DEVELOPMENT OF NOVEL CELL THERAPIES USING FUNCTIONALLY ENHANCED HUMAN iPS CELL-DERIVED NEPHRON PROGENITOR CELLS FOR AKI AND CKD

With a 10–15% mortality rate and 20–30% of cases progressing to chronic kidney disease (CKD), acute kidney injury (AKI) affects an estimated 13.3 million people worldwide annually. In turn, CKD affects about 850 million people and is expected to become the fifth leading cause of death globally by 2030. With kidney transplantation as the only curative therapy, a growing dependency on dialysis has arisen due to donor shortages and limited treatments for AKI and CKD, which also raise the risk of cardiovascular and cerebrovascular diseases. Regenerative medicine in the form of cell therapies has emerged as a promising approach to address these challenges. While mesenchymal stromal cells (MSCs) have been widely tested, clinical benefit remains limited, and adverse events, such as MSC differentiation into adipose tissue within the glomeruli, have been reported. Therefore, there is an urgent need to establish novel therapeutic strategies using human iPS cell-derived nephron progenitor cells (iNPCs) that differentiate specifically into kidney tissues. Clinical application remains unrealized, despite recent reports of therapeutic benefits of iNPCs in AKI. Conversely, evidence for iNPC efficacy in CKD, especially advanced cases, remains sparse. The characteristics of iNPCs vary among iPS cell lines and experimental batches. Thus, while uniform large-scale production of iNPCs is essential for cell therapy, efficient methods remain undeveloped and represent a major translational bottleneck.

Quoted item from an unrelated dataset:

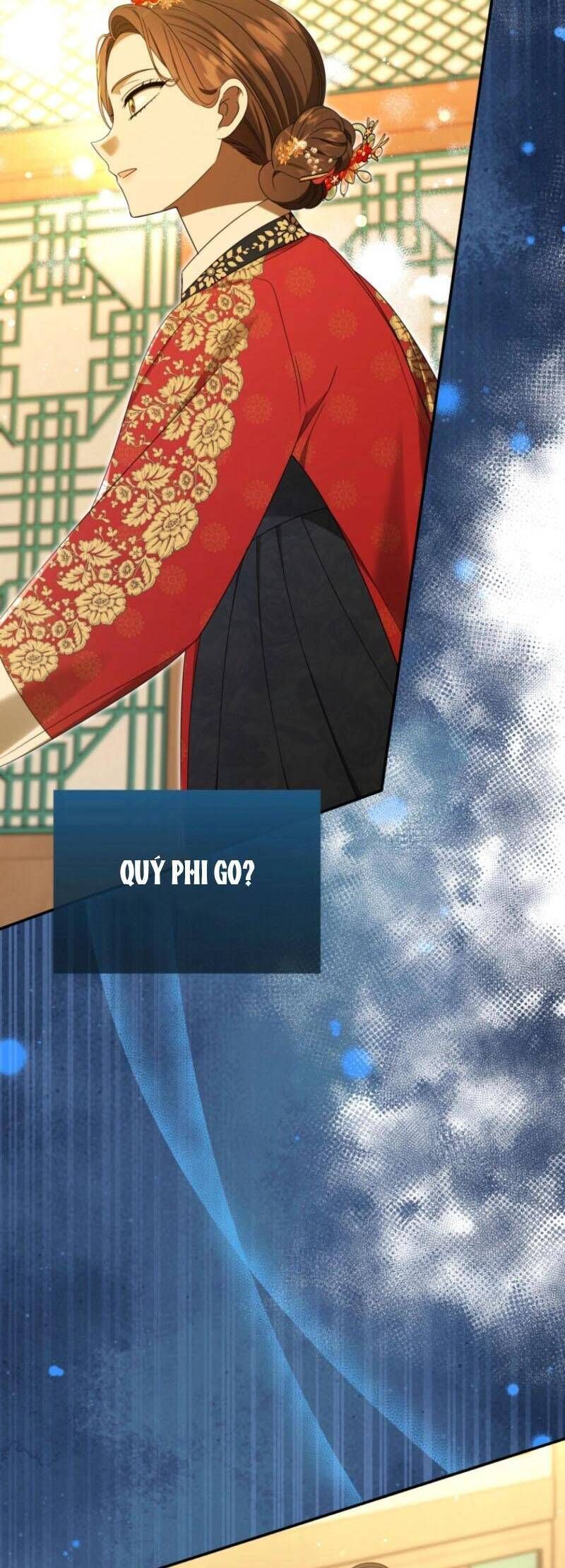 Tôi Đã Tái Sinh Thành Nàng Công Chúa Bị Bỏ Rơi - Chapter 2 - Page 50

To establish high-efficiency iNPC expansion, we screened multiple low-molecular-weight compounds and growth factors on iNPC-derived aggregates. Expanded iNPCs were transplanted into the renal subcapsules of cisplatin-induced AKI (cis-AKI) and aristolochic acid-induced CKD (AA-CKD) mouse models, with kidney function and histology assessed. Conditioned medium (CM) from expanded iNPCs was administered intraperitoneally in parallel to cis-AKI mice to assess paracrine effects, and CM and iNPCs underwent mass spectrometry and RNA sequencing analyses, respectively. We generated and evaluated iNPCs functionally enhanced with reno-protective factors.

We developed the CFY (CHIR99021, FGF9, Y-27632) medium to enable iNPC expansion over 100-fold within two passages while maintaining NPC marker expression and renal differentiation potential in multiple iPS cell lines. Expanded iNPCs attenuated kidney injury and improved survival in cis-AKI model mice and prevented renal dysfunction, interstitial fibrosis, and senescence in AA-CKD mice. c-MET was identified as a specific surface marker, and purified c-MET⁺ iNPCs exhibited therapeutic efficacy in both AKI and CKD. Contralateral kidneys of transplanted mice also improved, suggesting reno-protective paracrine effects. Intraperitoneal CM administration preserved renal function and survival, as analysis identified multiple secreted factors, including vascular endothelial growth factor (VEGF)-A. Furthermore, we demonstrated that iNPCs with enhanced reno-protective effects are therapeutically more effective than conventional iNPCs.

While expanded iNPCs show great promise as a cell-based therapy for AKI and CKD, functionally enhanced iNPCs may present as even stronger candidates. Developing such advanced therapies opens new avenues for treating kidney diseases.